UAE

Avni Doshi’s Burnt Sugar on Booker Shortlist

Our correspondent

Dubai-based author Avni Doshi’s Burnt Sugar has made it to the Booker Shortlist announced on September 15. Not only is hers one of the four entries by debutant writers to have featured in the list, she is the only South Asian on the list this year.

The novel, which will go by its original title Girl in White Cotton in South Asia, discusses the resentment of the daughter for the mother character who never really looked after her and the difficulty of looking after a sick parent. It dissects a mother-daughter relationship – as the mother’s mind descends into a void when Alzheimer’s claims it, the daughter finds herself the lone custodian of the memories that defined their fractured relationship.

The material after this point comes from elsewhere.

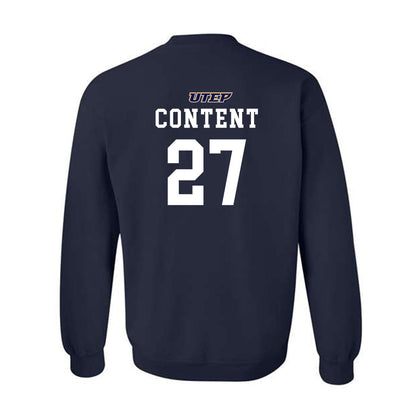 UTEP - NCAA Football : Justin Content - Classic Shersey Crewneck Sweatshirt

It was her grandmother’s Alzheimer’s and her personal struggle to come to terms with it that compelled Avni Doshi to put her protagonists through a similar journey.

The final and eighth draft of the novel was written in Dubai. The Indian-American author began the first draft in 2012 – when she was neither married nor living in the UAE – and was working as an art curator in India. Now, the 37-year-old novelist has two babies under the age of two; she had finished the novel shortly before she gave birth to her second child.

In an interview to Khaleej Times in May this year, Avni Doshi said: “I also realized the degree to which we can never know our parents, how they are ultimately mysterious to us. We see them as gods when we are young – very large, a little scary, the objects of our devotion – and then we grow up to often take them for granted. But we will never really know them, what they were as children, what they are passionate about. And they in turn only show us a certain side of themselves. I see that so clearly with my son – I’m a particular version of myself with him.”

Other nominees include Diane Cook, Tsitsi Dangarembga, Douglas Stuart, Maaza Mengiste and Brandon Taylor. Booker chair Margaret Busby said there was great diversity of themes in this year’s shortlist. The themes include memory loss, social landscape of Zimbabwe, climate change and women soldiers in Ethiopia. The winner will be announced on November 17.